A todos nos ha pasado alguna vez, hemos planificado con unos amigos un fin de semana de descanso y de ese plan solamente ha quedado el recuerdo. Y es que con las lluvias de este fin de semana poco se podía hacer en el mundo rural; ni senderismo, ni comidas campestres. Pero poco puede el agua cuando las ganas de visitar Extremadura son ansiadas, así tuviera que ser con un paraguas portugués.

Deseosos de degustar vino y buenas tapas, cogimos el coche y nos plantamos en la carretera. Nos habían comentado de la existencia de un agua magnífica por la zona sur de la Provincia de Badajoz y, aunque sobraba agua, nos plantamos en la localidad de Valencia del Ventoso en busca de ese tesoro cristalino. – Debo reconocer que fue bueno el consejo y acertada la decisión de visitar este municipio –

Llegamos a una bien cuidada fuente, llamada de Santiago, con un caño de un agua cristalina, libre de químicos productos y gustosa al paladar. Una fuente decorada con una azulejería que mostraba al apóstol montado a caballo y con espada alzada, una ventana abierta al Medievo de la Reconquista, que, junto con el castillo de finales del siglo XV, regalaba un hermoso y cuidado paraje de encanto, rodeado de verdes encinas y ganadería vacuna. Y si quieren, podrían imaginar los ritos funerarios prehistóricos contemplando los menhires repartidos por sus campos.

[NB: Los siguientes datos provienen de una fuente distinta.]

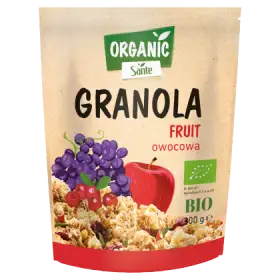 Sante Organic Granola owocowa 300 g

Después de visitar el pueblo, se nos antojaba apetecible tomar unas tapas – a la extremeña, claro está – y fuimos en busca de una hacienda situada muy cerca del municipio. Tierra Blanca nos ofrecía una carta adecuada a lo que andábamos buscando. Elegimos unos deliciosos riñones asados y aliñados, posiblemente de una reciente matanza, de esas en las que humanos disfrutan como mininos, por eso de “como un gato en una matanza”. Abundantes y variados vinos, fermentados en este pequeño pueblo, tintos, blancos y rosados, secos y semisecos, para todos los gustos. Ninguno mejor para acompañar nuestros riñones que un Rivera del Ardila, semidulce.

Ya comidos y con una tregua en la tempestad que nos acompañaba, nos dirigimos a una zona a la que los pobladores de estas tierras denominan “el Valle”. Encontramos a mitad de una estrecha carretera rural una ermita blanca que dejaba ver en su portada el legado de siglos anteriores a los del uso de la cal en abundancia, un arco apuntado de los tiempos finales del gótico. Un señor anciano, con función de ermitaño, salió a recibirnos, reflejaba en su mirada la ilusión que suelen tener los vecinos de estos pueblos cuando vienen de fuera a contemplar el tesoro natural en el que viven.

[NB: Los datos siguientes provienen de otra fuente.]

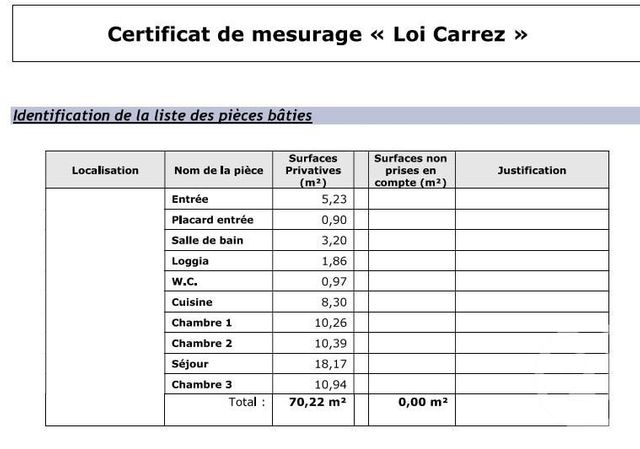 Appartement T4 à vendre - 4 pièces - 70.22 m2 - RENNES - 35 - BRETAGNE - Century 21 Dréano Immobilier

Un lugar en donde la emigración ha dejado testamento evidente de la necesidad de sus vecinos de buscar mejor futuro. Uno pequeño municipio, que al igual que otros muchos, cargados de Historia y tradiciones, también fue condenado al olvido durante muchos años. Uno entre tantos de los que aún no aparecen registrados en la Guía de los Pueblos más bonitos de España, pero con capacidad suficiente para ofrecer todo lo que desean buscar aquellos que huyen de los grandes núcleos urbanos en busca de bienestar, descanso, buena bebida, sabrosa comida y miríficos paisajes. Una tierra aún olvidada por quienes ocupan los escaños azul marino de la madrileña Carrera de San Jerónimo.

Muy recomendable visita para aquellos que estén buscando un agradable retiro. Si van, no se olviden de pedir su vino, su tapa a la extremeña y otro de los productos clave del lugar, la rosca de San Blas. Ya tienen otra excusa para perderse por Extremadura.